- **Exercise aim**: Please return the lines of the data that contain "Stock".

(Scraped caption text data)

----

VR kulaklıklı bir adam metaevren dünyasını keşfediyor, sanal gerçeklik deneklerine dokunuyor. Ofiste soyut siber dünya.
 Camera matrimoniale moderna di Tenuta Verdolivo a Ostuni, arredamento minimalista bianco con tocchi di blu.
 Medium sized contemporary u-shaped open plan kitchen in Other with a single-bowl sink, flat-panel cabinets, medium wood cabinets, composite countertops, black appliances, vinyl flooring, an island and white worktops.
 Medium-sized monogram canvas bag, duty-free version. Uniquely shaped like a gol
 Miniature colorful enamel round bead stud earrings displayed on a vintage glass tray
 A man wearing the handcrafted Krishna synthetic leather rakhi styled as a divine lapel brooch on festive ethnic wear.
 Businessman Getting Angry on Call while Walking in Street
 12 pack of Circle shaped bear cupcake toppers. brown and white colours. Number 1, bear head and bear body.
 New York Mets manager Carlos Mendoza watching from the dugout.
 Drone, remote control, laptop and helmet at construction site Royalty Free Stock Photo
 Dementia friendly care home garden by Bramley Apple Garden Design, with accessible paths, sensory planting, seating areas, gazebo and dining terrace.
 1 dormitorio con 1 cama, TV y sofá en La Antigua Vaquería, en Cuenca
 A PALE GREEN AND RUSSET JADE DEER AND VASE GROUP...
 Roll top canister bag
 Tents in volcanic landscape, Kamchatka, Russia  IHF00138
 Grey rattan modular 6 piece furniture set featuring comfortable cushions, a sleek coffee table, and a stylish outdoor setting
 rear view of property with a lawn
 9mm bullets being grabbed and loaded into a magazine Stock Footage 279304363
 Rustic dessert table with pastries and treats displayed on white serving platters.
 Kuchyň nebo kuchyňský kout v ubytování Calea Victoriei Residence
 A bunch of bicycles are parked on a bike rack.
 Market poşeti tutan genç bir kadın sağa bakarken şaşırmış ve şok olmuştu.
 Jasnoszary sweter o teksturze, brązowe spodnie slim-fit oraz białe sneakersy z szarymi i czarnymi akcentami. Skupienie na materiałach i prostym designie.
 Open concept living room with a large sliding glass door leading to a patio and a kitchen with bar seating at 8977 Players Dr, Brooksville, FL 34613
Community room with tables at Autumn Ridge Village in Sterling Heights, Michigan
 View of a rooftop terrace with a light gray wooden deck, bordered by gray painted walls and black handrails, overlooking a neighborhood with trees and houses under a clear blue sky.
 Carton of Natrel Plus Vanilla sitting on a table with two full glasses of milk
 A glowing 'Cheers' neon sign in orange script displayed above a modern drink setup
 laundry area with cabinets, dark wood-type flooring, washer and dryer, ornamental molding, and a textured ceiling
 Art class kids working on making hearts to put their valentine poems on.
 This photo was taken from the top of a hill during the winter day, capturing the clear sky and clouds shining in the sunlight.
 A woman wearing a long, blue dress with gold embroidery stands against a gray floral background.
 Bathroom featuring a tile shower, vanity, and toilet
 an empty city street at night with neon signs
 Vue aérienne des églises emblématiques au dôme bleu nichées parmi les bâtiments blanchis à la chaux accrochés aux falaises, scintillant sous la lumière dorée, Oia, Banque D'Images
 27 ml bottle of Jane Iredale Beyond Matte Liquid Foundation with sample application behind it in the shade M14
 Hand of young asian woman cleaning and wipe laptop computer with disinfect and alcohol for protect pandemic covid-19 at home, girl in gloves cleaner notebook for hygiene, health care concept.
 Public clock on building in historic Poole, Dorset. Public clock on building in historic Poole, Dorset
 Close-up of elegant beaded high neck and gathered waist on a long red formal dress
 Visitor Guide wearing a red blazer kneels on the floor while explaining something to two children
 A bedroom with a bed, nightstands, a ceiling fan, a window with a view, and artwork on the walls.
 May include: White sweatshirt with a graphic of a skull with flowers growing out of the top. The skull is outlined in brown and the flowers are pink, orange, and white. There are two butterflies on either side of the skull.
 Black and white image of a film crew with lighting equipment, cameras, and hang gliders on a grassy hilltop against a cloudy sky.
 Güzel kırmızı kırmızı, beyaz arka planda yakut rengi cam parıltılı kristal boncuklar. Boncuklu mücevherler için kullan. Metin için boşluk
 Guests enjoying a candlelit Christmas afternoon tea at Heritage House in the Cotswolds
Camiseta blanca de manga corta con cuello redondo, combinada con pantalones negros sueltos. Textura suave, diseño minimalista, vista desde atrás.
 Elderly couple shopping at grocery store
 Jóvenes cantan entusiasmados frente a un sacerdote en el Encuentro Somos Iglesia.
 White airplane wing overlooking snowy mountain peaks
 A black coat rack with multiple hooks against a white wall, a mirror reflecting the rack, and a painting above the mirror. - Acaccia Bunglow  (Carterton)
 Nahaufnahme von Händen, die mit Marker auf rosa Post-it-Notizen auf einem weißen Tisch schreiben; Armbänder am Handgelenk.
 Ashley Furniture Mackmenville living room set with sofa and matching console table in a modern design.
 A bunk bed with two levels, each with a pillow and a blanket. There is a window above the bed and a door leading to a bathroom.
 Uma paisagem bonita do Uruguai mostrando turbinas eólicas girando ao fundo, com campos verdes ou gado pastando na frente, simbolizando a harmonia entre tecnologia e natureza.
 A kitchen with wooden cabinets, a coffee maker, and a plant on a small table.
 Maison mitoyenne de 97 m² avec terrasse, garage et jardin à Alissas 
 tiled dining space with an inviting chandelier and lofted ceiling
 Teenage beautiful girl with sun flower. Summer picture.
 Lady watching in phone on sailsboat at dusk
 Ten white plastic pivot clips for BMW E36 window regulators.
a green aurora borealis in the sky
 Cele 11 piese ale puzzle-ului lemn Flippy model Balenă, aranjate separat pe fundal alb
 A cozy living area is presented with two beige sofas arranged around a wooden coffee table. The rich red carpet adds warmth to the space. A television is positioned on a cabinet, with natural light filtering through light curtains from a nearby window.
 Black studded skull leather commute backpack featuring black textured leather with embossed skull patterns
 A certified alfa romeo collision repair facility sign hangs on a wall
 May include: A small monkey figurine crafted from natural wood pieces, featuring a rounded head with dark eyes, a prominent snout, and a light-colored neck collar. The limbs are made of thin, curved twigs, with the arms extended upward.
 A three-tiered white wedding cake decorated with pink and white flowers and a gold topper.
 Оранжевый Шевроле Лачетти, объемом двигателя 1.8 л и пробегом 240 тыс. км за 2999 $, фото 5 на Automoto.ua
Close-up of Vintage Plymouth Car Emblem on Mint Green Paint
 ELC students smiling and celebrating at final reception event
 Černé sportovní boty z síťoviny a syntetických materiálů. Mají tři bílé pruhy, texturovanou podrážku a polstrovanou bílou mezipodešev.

----

- **Exercise solution**:
 Drone, remote control, laptop and helmet at construction site Royalty Free Stock Photo
 9mm bullets being grabbed and loaded into a magazine Stock Footage 279304363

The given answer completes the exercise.